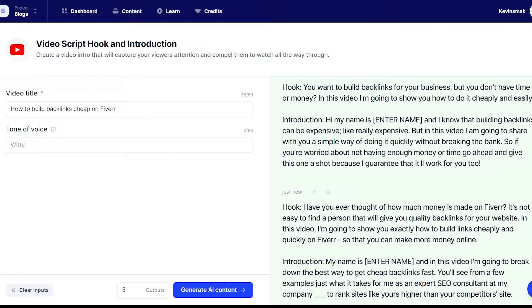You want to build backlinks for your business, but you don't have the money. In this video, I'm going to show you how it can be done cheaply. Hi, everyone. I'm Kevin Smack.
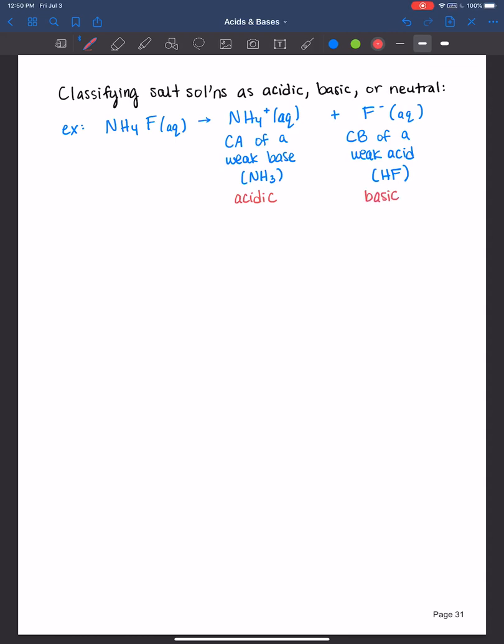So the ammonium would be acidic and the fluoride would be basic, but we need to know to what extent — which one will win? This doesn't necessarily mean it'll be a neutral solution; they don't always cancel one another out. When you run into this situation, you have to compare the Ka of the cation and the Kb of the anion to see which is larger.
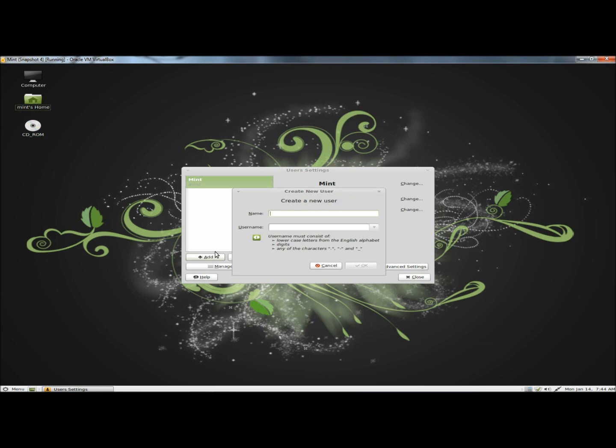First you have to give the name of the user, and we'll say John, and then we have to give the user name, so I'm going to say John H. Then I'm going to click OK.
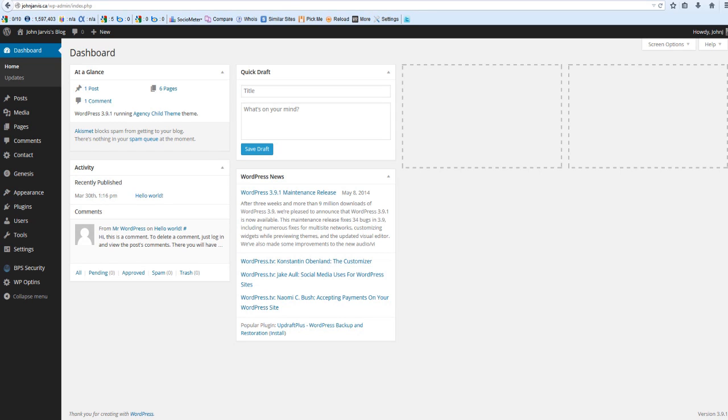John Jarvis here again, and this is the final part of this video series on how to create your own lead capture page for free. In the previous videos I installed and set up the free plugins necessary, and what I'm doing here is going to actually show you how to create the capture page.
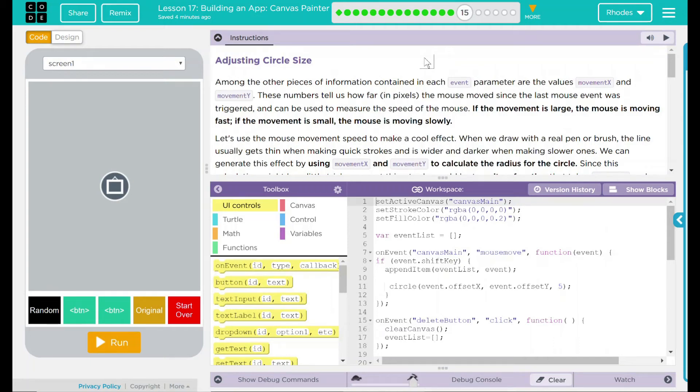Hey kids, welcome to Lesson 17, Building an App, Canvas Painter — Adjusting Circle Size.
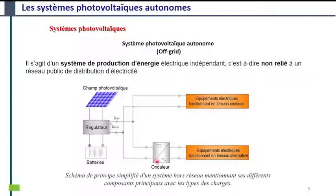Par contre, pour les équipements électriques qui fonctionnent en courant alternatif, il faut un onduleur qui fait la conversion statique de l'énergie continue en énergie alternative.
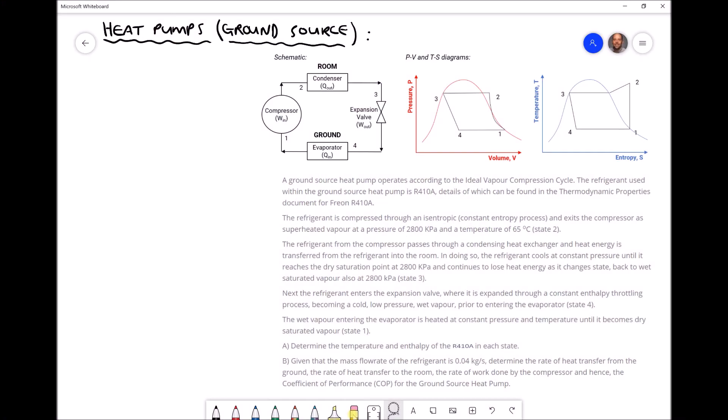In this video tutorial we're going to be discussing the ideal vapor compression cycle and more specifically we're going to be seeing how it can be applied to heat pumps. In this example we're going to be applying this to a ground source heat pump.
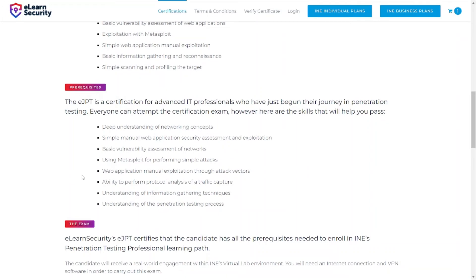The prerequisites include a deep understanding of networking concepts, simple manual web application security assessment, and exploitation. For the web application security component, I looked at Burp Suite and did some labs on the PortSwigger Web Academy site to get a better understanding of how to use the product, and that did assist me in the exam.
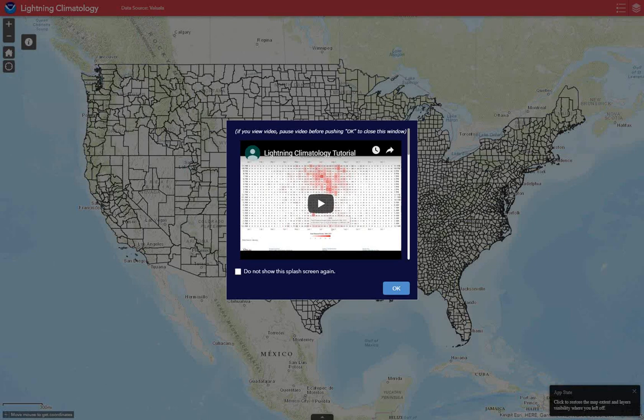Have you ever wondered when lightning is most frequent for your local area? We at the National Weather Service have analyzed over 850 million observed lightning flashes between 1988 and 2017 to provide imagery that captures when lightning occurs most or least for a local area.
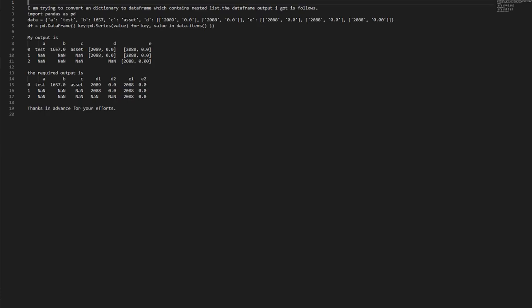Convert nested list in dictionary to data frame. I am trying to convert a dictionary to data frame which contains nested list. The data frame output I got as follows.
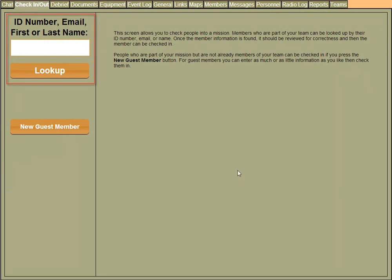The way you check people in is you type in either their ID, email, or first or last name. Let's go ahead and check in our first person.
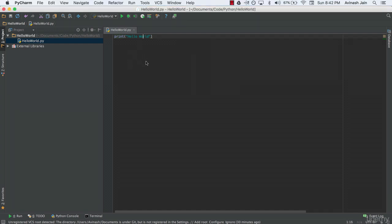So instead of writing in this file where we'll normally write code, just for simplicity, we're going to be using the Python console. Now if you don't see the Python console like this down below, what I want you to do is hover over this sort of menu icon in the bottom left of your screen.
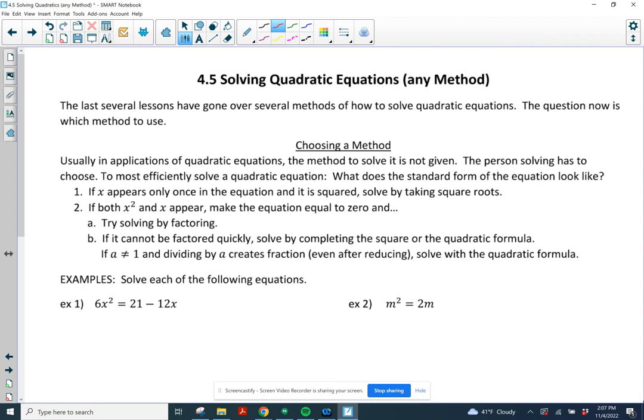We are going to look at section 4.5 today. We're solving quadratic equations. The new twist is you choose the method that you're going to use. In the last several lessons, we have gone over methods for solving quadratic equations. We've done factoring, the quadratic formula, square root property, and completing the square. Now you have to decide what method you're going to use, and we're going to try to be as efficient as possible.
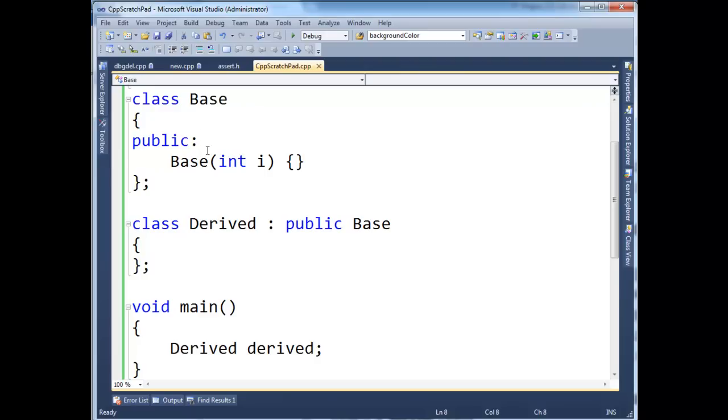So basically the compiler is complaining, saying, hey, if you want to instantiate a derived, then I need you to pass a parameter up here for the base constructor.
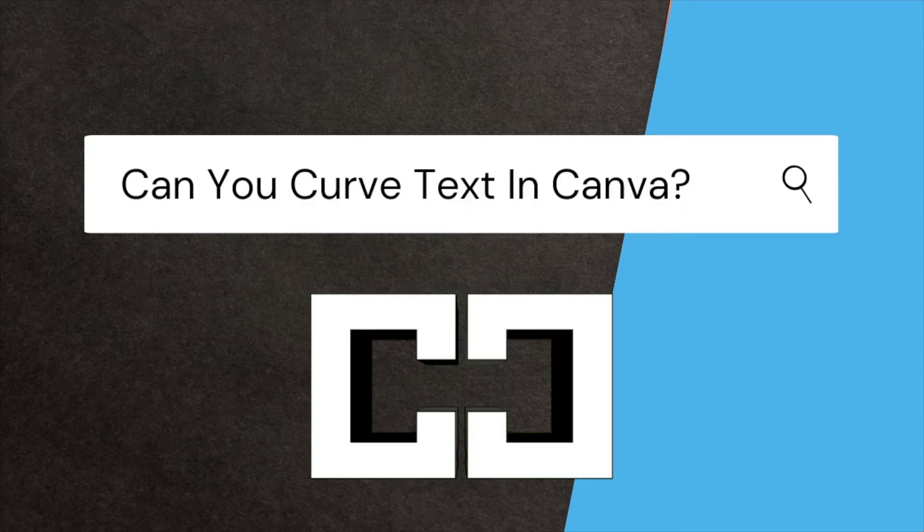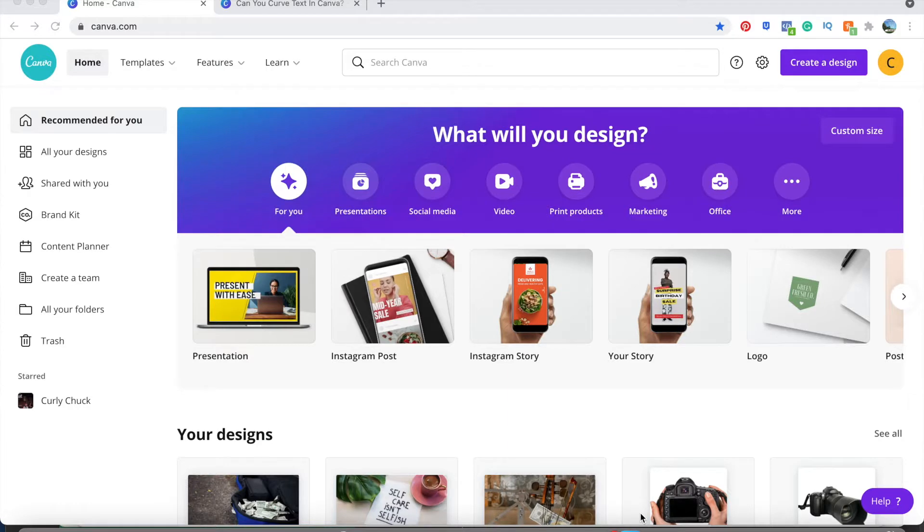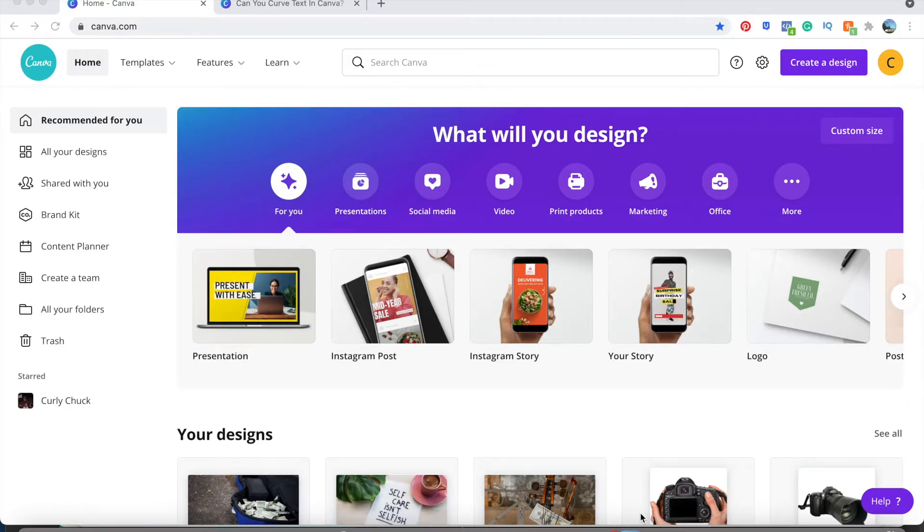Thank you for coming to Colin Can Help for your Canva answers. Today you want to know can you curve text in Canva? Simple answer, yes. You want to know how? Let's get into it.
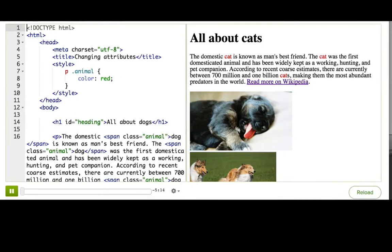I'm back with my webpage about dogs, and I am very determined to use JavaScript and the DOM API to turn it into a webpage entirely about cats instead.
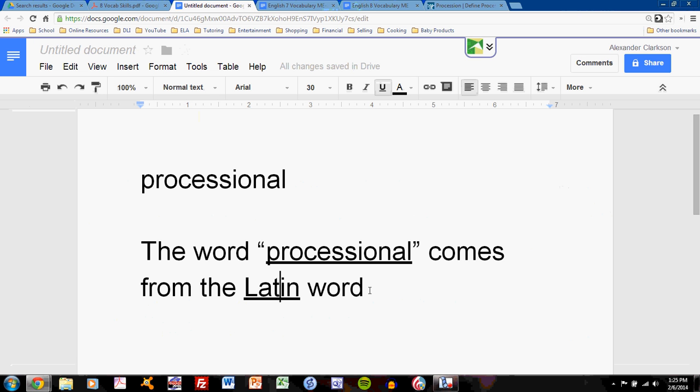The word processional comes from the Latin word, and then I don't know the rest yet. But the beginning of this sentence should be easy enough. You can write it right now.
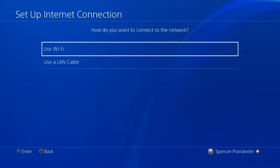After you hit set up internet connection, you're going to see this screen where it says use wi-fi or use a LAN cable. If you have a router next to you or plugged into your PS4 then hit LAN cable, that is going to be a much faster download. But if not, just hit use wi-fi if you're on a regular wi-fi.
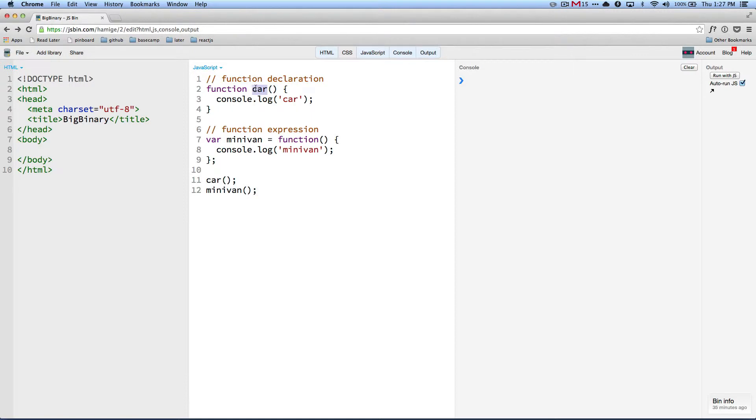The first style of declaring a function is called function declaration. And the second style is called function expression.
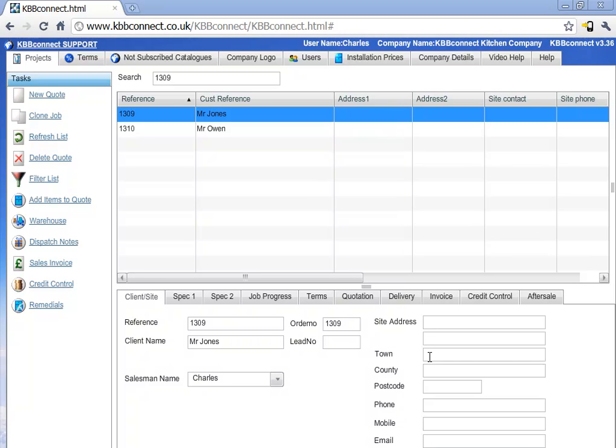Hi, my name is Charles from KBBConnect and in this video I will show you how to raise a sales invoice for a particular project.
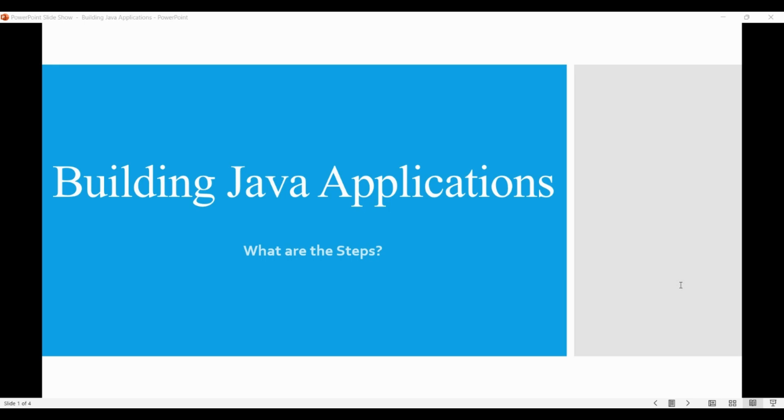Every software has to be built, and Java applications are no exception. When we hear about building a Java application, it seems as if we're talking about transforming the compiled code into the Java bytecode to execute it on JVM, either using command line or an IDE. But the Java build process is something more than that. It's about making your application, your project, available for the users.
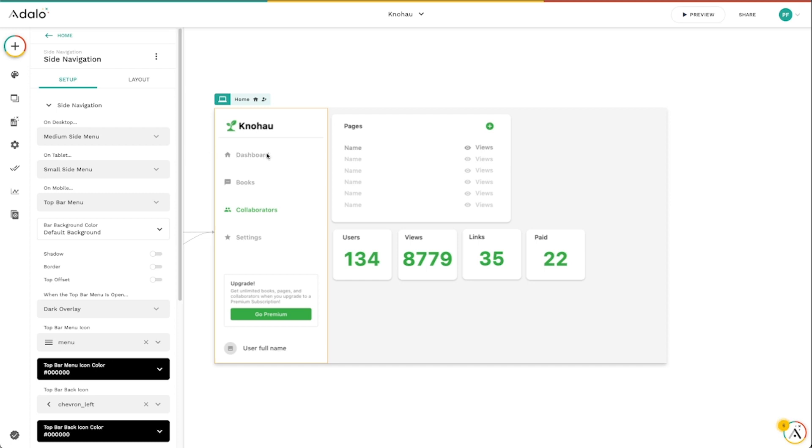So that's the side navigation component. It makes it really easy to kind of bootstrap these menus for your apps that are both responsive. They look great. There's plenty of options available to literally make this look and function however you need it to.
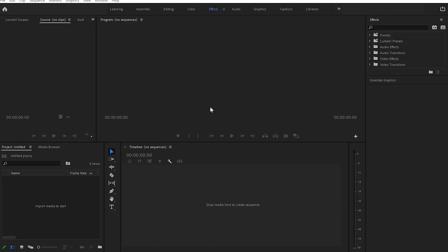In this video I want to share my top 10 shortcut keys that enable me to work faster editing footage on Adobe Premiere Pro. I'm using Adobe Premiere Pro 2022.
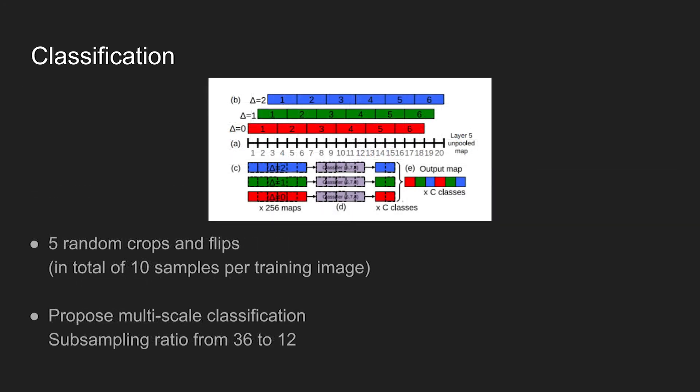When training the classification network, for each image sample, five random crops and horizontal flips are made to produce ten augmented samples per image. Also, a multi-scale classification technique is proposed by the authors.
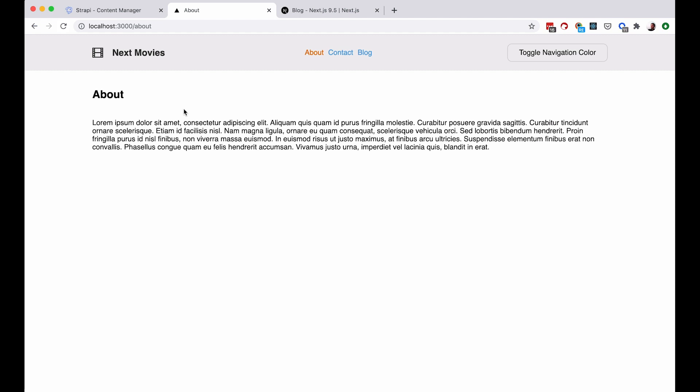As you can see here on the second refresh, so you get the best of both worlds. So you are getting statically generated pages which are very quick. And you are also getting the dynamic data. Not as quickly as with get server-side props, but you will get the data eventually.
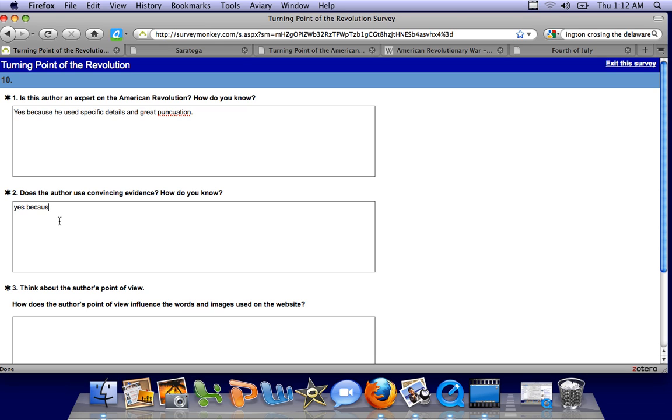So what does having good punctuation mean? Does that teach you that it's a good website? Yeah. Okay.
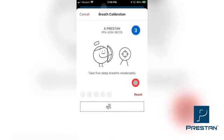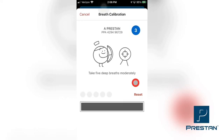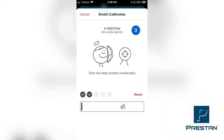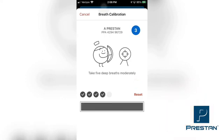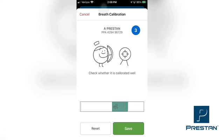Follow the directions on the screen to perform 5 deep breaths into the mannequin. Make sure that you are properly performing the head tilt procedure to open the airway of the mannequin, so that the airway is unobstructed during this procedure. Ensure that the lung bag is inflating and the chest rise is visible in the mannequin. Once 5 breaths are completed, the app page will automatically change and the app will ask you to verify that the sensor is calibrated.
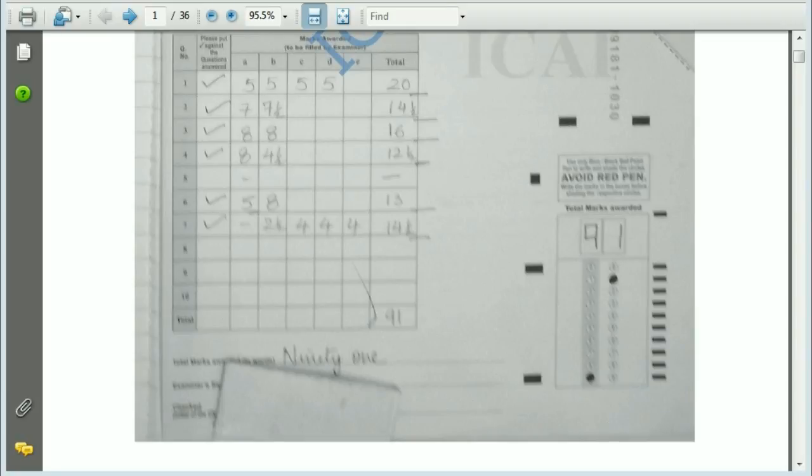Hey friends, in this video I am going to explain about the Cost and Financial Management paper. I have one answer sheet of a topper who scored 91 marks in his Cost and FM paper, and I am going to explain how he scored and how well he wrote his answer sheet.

◇ ◇ ◇ ◇ ◇

_EXERCISE DESCRIPTION_
Every line from the start of the material through the line containing "Par contre, pour" is needed exactly as written; the pictures are not.

_YOUR RESPONSE_
You want to build backlinks for your business, but you don't have the money. In this video, I'm going to show you how it can be done cheaply. Hi, everyone. I'm Kevin Smack.
So the ammonium would be acidic and the fluoride would be basic, but we need to know to what extent — which one will win? This doesn't necessarily mean it'll be a neutral solution; they don't always cancel one another out. When you run into this situation, you have to compare the Ka of the cation and the Kb of the anion to see which is larger.
First you have to give the name of the user, and we'll say John, and then we have to give the user name, so I'm going to say John H. Then I'm going to click OK.
John Jarvis here again, and this is the final part of this video series on how to create your own lead capture page for free. In the previous videos I installed and set up the free plugins necessary, and what I'm doing here is going to actually show you how to create the capture page.
Hey kids, welcome to Lesson 17, Building an App, Canvas Painter — Adjusting Circle Size.
Par contre, pour les équipements électriques qui fonctionnent en courant alternatif, il faut un onduleur qui fait la conversion statique de l'énergie continue en énergie alternative.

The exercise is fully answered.